This piece originally appeared in RealClearHealth on March 31, 2021. By Adrienne Shapiro Healthcare costs seem to be a constant discussion point both in Washington and in our state capitals. Policymakers are on a quest for a silver bullet that they can trumpet as a win to constituents, but this debate is complex, and nuanced; and will have enormous ramifications for American patients, like my daughter, Marissa, who lives with sickle cell disease and who has a new lease on life from innovative treatments. |
Let me be blunt. Looking to outside entities like the Institute for Clinical and Economic Review (ICER) or importing foreign pricing models, as seen in H.R. 3, a bill passed by the House of Representatives in 2019, is not the answer. Though this might sound like an easy solution, but ICER and the referenced countries rely on the discriminatory Quality-Adjusted Life Year (QALY), as confirmed by a recently released CBO report acknowledging that the bill scored savings because government would reference QALYs.

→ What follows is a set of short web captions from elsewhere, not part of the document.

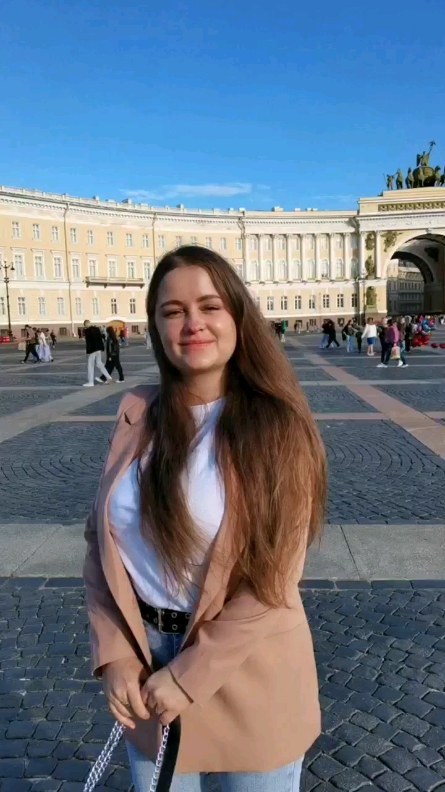 elvirabolshacova in LOOKY. . null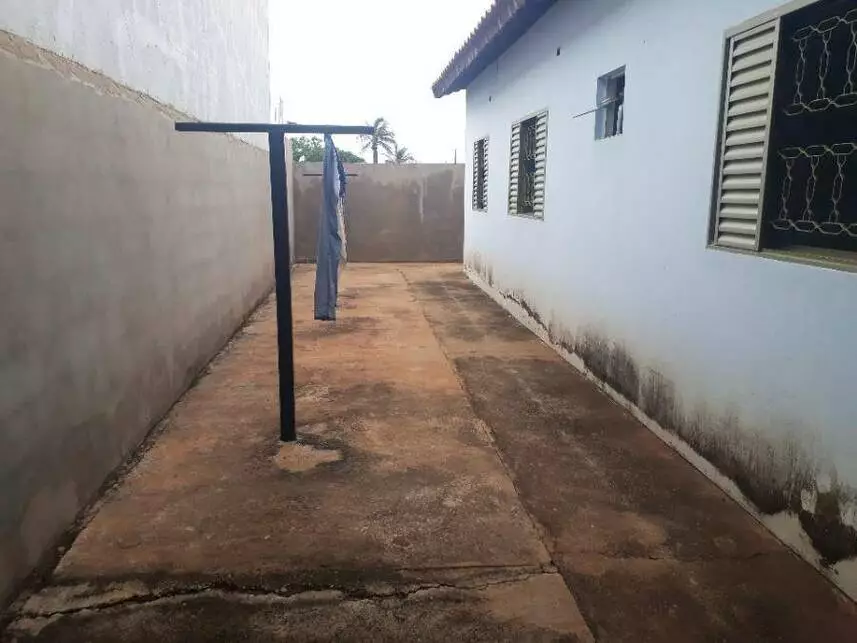 Casa Ocupada com 1 Vaga e 225m² em Ouro Verde/SP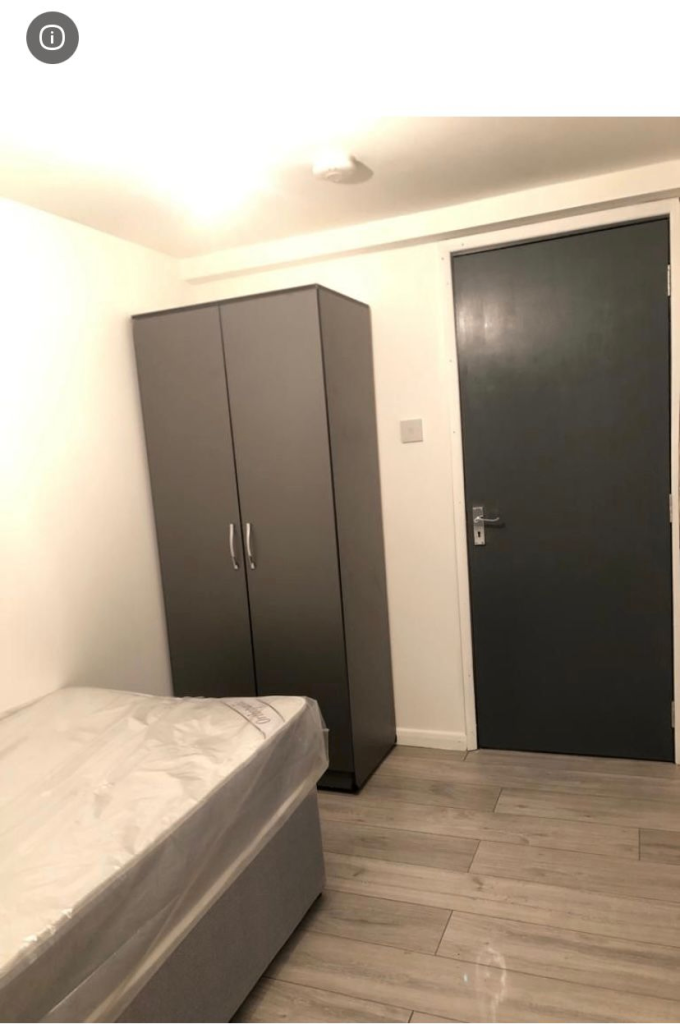 Spacious & Cosy double room for Rent SS14 1QA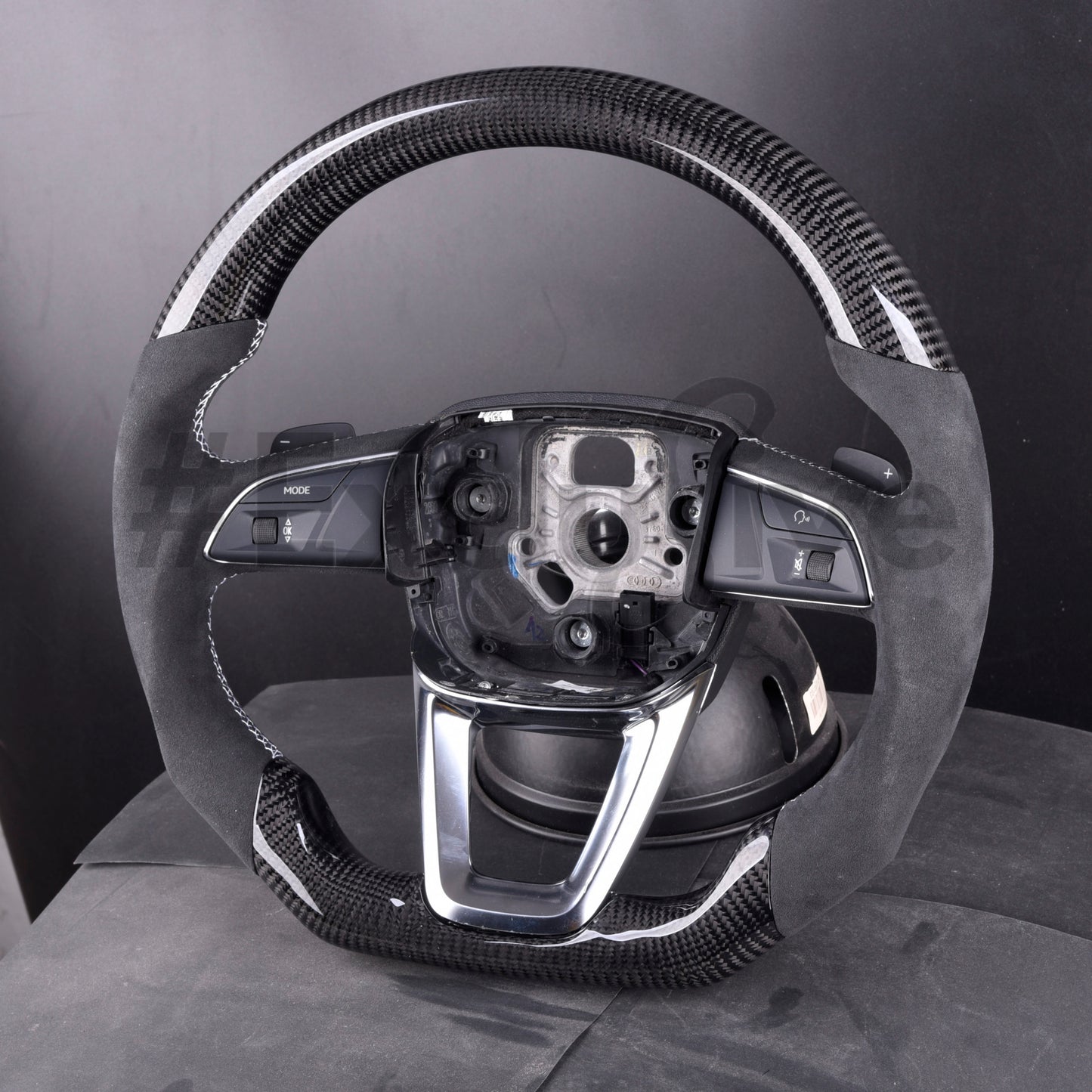 Audi Q3 / Q5 / Q7 / Q8 / SQ5 / SQ7 Custom Steering Wheel | 2016+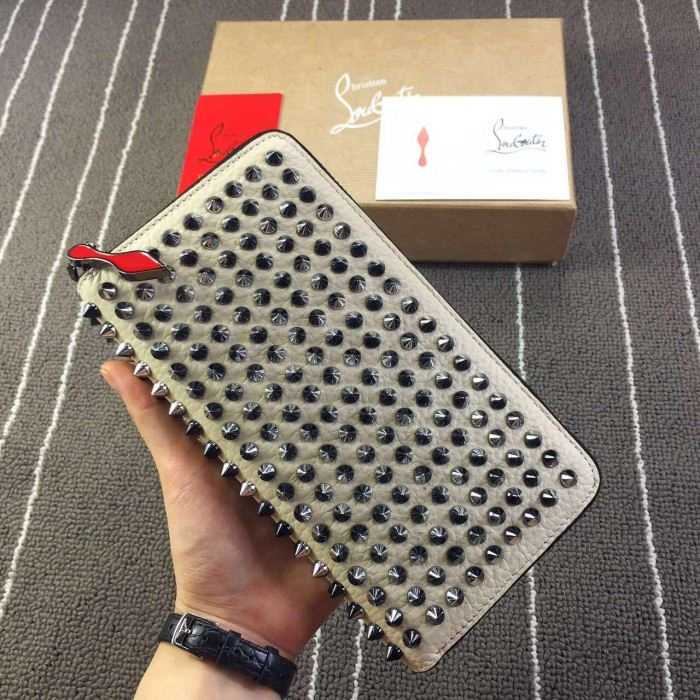 セール中2020秋冬 クリスチャンルブタンChristian Louboutin 財布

To determine what they will cover and whether they will pay for a treatment, many foreign countries rely on cost-effectiveness analyses based on QALYs and studies that fail to represent people like Marissa. We’ve known for over 30 years that the QALY fails patients and people with disabilities, as it is well known to place a lower value on the lives of people with disabilities and chronic illnesses and on the improvement in quality of life needed to make treatment “worth it.” For this reason, in 2019, the National Council on Disability, an independent federal agency, released a report finding the utilization of the QALY in public policy, whether directly or by referencing foreign countries, is in direct violation of United States disability policy and civil rights laws.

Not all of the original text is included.